Sumpter's Outnumbered: From Facebook and Google to Fake News and Filter-bubbles – The Algorithms That Control Our Lives will now be published on 19th April, a month earlier than planned, and the e-book will be released on the same day.
Data analytics firm Cambridge Analytica has been making headlines since its involvement in the US election was revealed by the Guardian, which also revealed the firm used personal information harvested from more than 50 million Facebook profiles without permission to build a system that could target US voters with personalised political advertisements based on their psychological profile.
As part of Sumpter’s investigation, he examines the Cambridge Analytica story and interviews Global Science Research (GSR) founder Aleksandr Kogan who was personally named in the whistleblowing interview with Cambridge Analytica employee Chris Wylie.
Jim Martin, senior commissioning editor for Bloomsbury Sigma, said: "David’s brilliant exposition of the influence of algorithms on our daily lives was already a remarkable and thought-provoking book, but this story has brought these issues to the attention of the world.
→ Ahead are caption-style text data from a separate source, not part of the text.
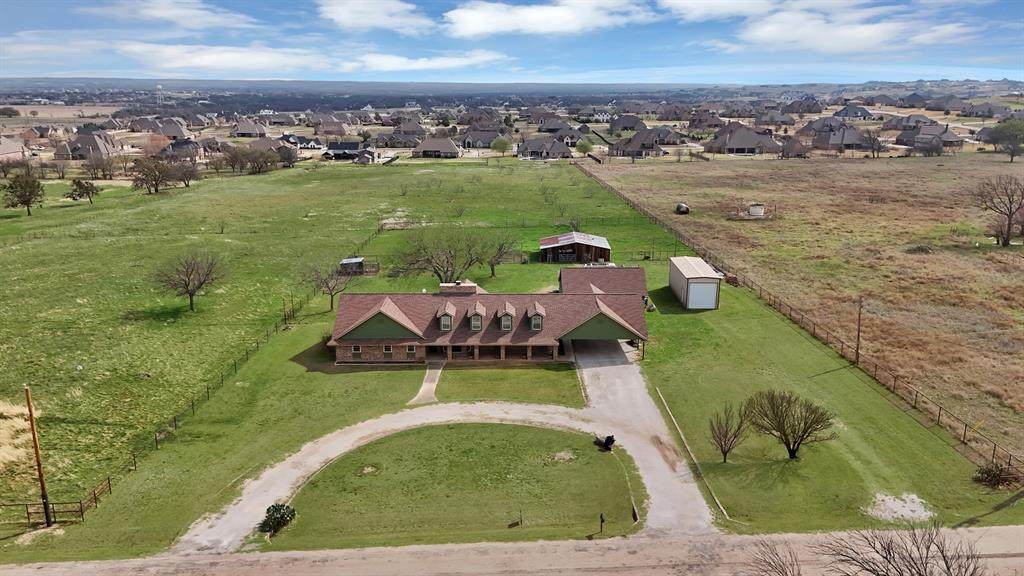 117 Hudson Lane - Photo 1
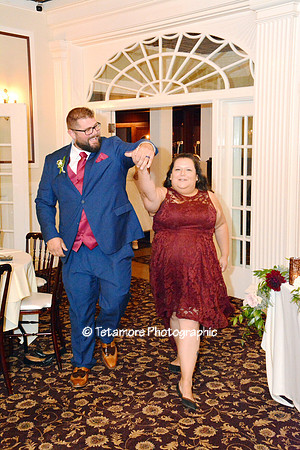 Jessica and Brian 357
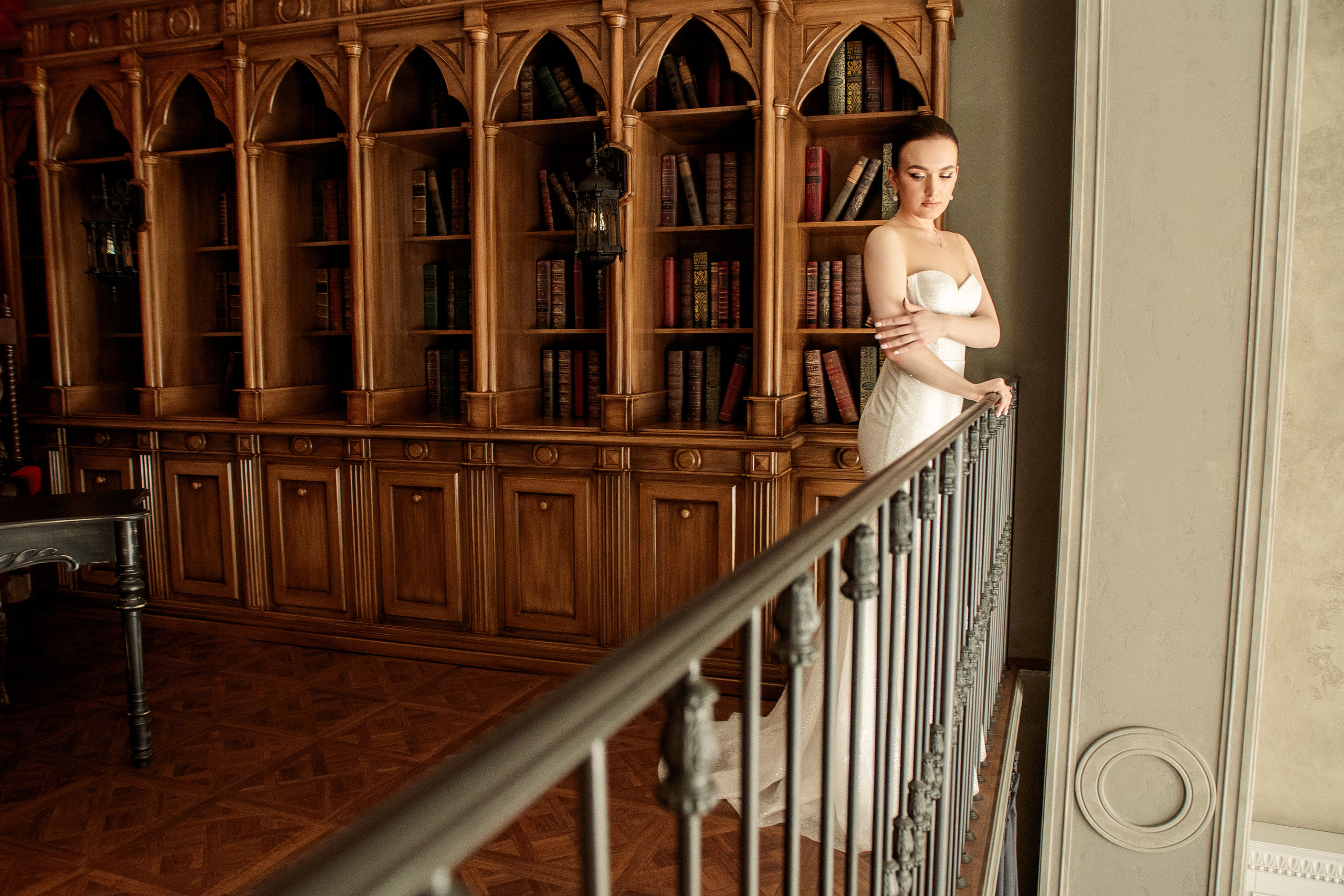 Анна и Игорь совместное утро. Свадебный и семейный фотограф в Челябинске Юлия Ишимова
We are starting to see the paths an algorithm-driven future might lead us down. This book could not be more timely."
Outnumbered also asks questions about how Facebook builds a 100-dimensional picture of our personalities, and if algorithms that are designed to find criminals are making terrible mistakes – but "most importantly whether or not we should really be worried".
Originally from London, Sumpter is professor of applied mathematics at the University of Uppsala, Sweden and author of Soccermatics: Mathematical Adventures in the Beautiful Game (Bloomsbury Sigma).